Of course, the past in this case is represented by European traditions rather than the past of indigenous cultural traditions which I will now turn to. During the 1990s the South Australian Museum staged an exhibition, Nurrinduri, that presented the culture and the beliefs of the Njarrinderjeri people and this is a diorama from the exhibition showing the centrality of woven objects to daily life of the Njarrinderjeri. There is a sitting mat, there is a winnower and gathering and weapon baskets as well as fishing nets. Many of these objects were actually recreated for the exhibition by contemporary Njarrinderjeri people as little of their material culture before the 19th century has survived. The weapon basket, on my side, was made I think in the 1930s.
What is now known about weaving and Njarrinderjeri culture in the late 18th century when Flinders met Baudin at Wunang, which is the Njarrinderjeri word for Encounter Bay, has been passed down from person to person through the oral tradition as well as being pieced together from documents and images in the historical record or surmised from looking at the surviving artefacts. Of course, the other important form of documentation of knowledge is documentation by anthropologists based on the information given by Njarrinderjeri people in the earlier 20th century.
As these drawings by George Fife Angus show, which are all made in about 1840, baskets and mats constructed from plant material were integral to daily Njarrinderjeri life and made as part of a collaborative process by men and women. Men and women are making a fishing net on the far side, chewing the bulrush fibre before making it into string. On my side Pellum Pellum Wolla from the Coorong is shown wearing a basketry cloak as well as carrying a basket over her shoulders.
The rich and fertile environment around the Murray Mouth and along the Coorong lagoon provided a ready source of material for the relatively settled life for the Njarrinderjeri enabling a surplus of food to be collected and stored in baskets and artefacts to be made for trade. In fact baskets and cloaks and nets were traded with clans along the Upper Murray for spears made from the mile tree that didn't grow in the Lower Murray region. Woven artefacts also had ceremonial meaning for the Njarrinderjeri. They were integral to the stories of the dreaming and were used in ritual ceremonies. The string skirt indicated the status of a young girl after her initiation as a woman and baskets were part of the funeral rites where the bones of the deceased were wrapped and placed in mats specially woven by relatives and these show two mortuary baskets in the collection of the South Australian Museum.

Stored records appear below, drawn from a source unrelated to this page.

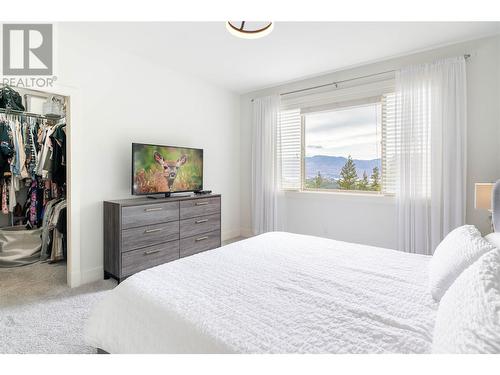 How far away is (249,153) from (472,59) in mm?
3038

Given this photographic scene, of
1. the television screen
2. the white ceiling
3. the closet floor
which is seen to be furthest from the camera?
the television screen

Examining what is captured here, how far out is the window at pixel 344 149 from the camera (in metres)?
3.59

While the complex meanings of Njarrinderjeri culture are perhaps most evident in language and kinship systems rather than in material culture, basketry and woven objects were a very important part of ceremonial life, food gathering and other social practices. The making of these objects, of course, depended upon the gathering of materials and the retention of their lands. In 1836 when the British government grasped the opportunity, opened up by Flinders' mapping of the coast, to set up the colony in South Australia, this began a time when the lands of the Njarrinderjeri people and their culture was severely impacted by the colonial period.
While well-intentioned, the colonists had wished to establish a peaceful settlement where Aboriginal people could be Christianised and partake in the benefits of British culture - I think that is from their actual words - this invasion began a process of dispossessing the indigenous inhabitants from their lands, their language and their culture. The processes of basketry and weaving survived during the 19th century when the Njarrinderjeri were moved from their traditional lands and their available materials and forcibly assimilated into the patterns of British life in the colony is due to two reasons. Woven objects still played a central role in daily life and basket-making was accepted, even encouraged, on the Missions where the Njarrinderjeri people were clustered as they were moved off their lands.

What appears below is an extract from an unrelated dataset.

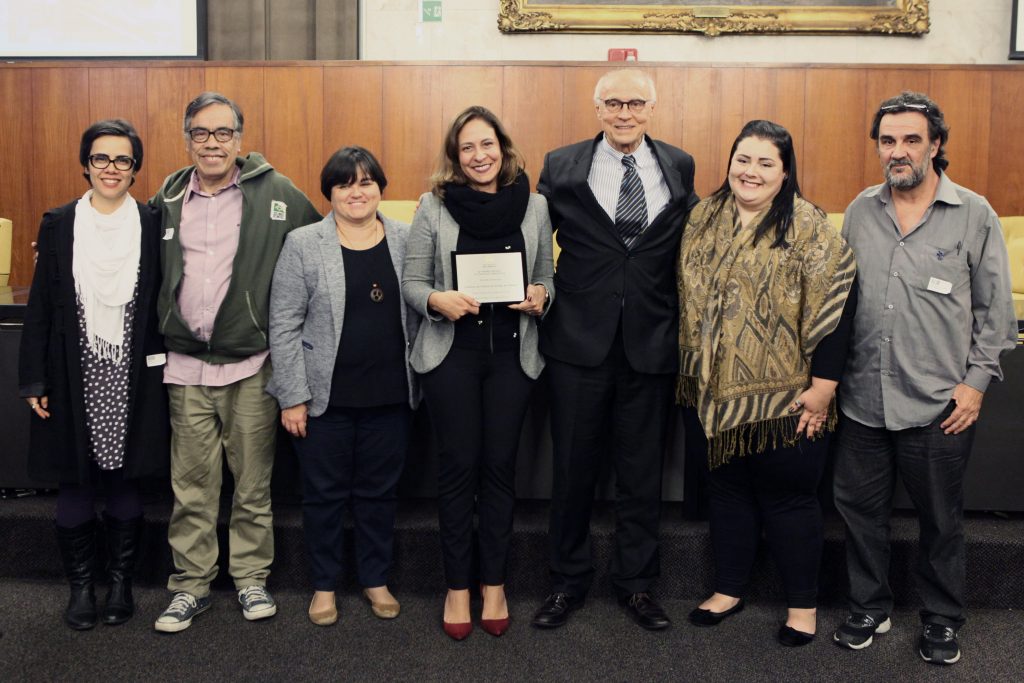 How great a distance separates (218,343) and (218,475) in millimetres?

Louisa Karpeny and an unidentified woman is shown in the far slide with baskets for sale and this was a scoop that it was still made at Ralcan in 1900 that was used to sieve food. Baskets were useful items to the missions, able to be sold to the colonists and basket-making was seen as a sign of industriousness, a very Christian virtue as opposed to idleness. In addition, the basket-making activities of the women did not compete with the earning activities of white-collarness like the men's farming activities did. It is believed that this is one of the reasons why basket-making was retained by the Njarrinderjeri people.

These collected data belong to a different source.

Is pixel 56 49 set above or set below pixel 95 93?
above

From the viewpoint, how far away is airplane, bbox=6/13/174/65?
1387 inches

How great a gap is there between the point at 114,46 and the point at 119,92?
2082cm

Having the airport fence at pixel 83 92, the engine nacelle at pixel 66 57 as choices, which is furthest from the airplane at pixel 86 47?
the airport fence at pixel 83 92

Even so, the pressures placed on Njarrinderjeri family and community life by the processes of dispossession, forced assimilation and the suppression of their culture and language during the 19th and 20th centuries severed the threads of connection between the generations and as family members were separated elders were not able to pass on the traditional skills to their children and grandchildren and knowledge was sometimes withheld by elders in despair at the destruction of their culture.
Aunty Veronica Brodie, a Njarrinderjeri elder who is living at Largs Bay in Adelaide, was recently interviewed on the Away programme on Radio National about her participation in the 2002 Adelaide Festival Intertwine programme. This was a community event that brought contemporary indigenous and non-indigenous artists together. Aunty Veronica spoke about watching her grandmother weave at Ralcan when she was a child. She said:
We could yarn with her while she wove but I didn't learn from her. By the time I was ready to learn I couldn't because the government was stopping our culture.
In 1994 Tom Trevorrow, a senior Njarrinderjeri man from Camp Coorong, in an interview with Dianna Wood-Conroy discussed why some Njarrinderjeri elders like Aunty Lola had died without passing the culture on. Tom said:
You see, she had seen all the children taught Christian ways at the mission and the land laid waste. In those days you couldn't have two ways. Nobody was interested in Aboriginal culture then. There was strong racism. When I went to Meningie school in the sixties I was punished for talking the Njarrinderjeri language. Aunty Lola thought it was all lost, the culture all gone and useless to pass it on only to be lost.
It was really only in the 1980s when the South Australian Museum organised a weaving workshop with Aunty Dori Kartinyeri who is thought to be one of the last people knowing the craft, weaving has again become central to the rebuilding of Njarrinderjeri cultural and social life. In the last decades of the 20th century these two very different traditions have been gradually drawn together through the development of relationships and inter-cultural exchanges between indigenous and non-indigenous artists and drawing on their very separate traditions these artists have begun to think about how we define ourselves in South Australia as citizens and as a community by addressing questions like: who is excluded or included as citizens with rights to fully participate in democratic processes and how could communities torn apart through dispossession and racist policies rebuild themselves?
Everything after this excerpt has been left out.